Contexto Jurídico e Desafios na Aplicação da O rdem Judicial
O pedido formalizado na última sexta-feira (4) pelo MPF aponta que a demora na mobilização da Força Nacional de Segurança Pública caracteriza descumprimento da decisão judicial proferida em agosto, sob pena prevista no artigo 5º, § 47, da Constituição Federal e no Código de Processo Penal, que autoriza a aplicação de multas coercitivas diante da inércia administrativa.
As investigações revelam que a ausência de atuação efetiva ameaça diretamente os povos indígenas isolados, cujas vidas correm risco iminente diante da proximidade de invasores armados, gado ilegal e atividades predatórias como desmatamento e abertura de mais de 30 quilômetros de ramais clandestinos na Amazônia.

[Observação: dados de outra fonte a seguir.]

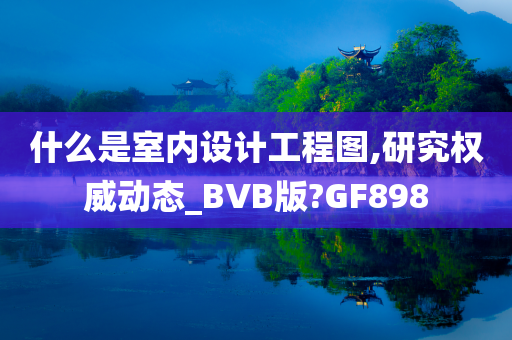 什么是室内设计工程图,研究权威动态_BVB版?GF898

Mais de 30 quilômetros de ramais clandestinos foram abertos na floresta, segundo dados do Censipam, configurando violação ambiental e facilitando o acesso de grileiros a áreas protegidas.
Repercussão Institucional e Desafios para a Segurança dos Servidores
O governo federal justificou a inércia alegando necessidade de autorização prévia do governo do Pará, embora o MPF refute essa tese ao afirmar que a Polícia Federal e a Polícia Rodoviária Federal já realizaram operações na região sem depender de respaldo estadual.
Com apenas cinco servidores da Funai destacados à Base de Proteção Etnoambiental, a fragilidade da segurança pública na área é acentuada, especialmente após ameaças explícitas registradas em áudio que incita a cercamento e incêndio contra a equipe técnica.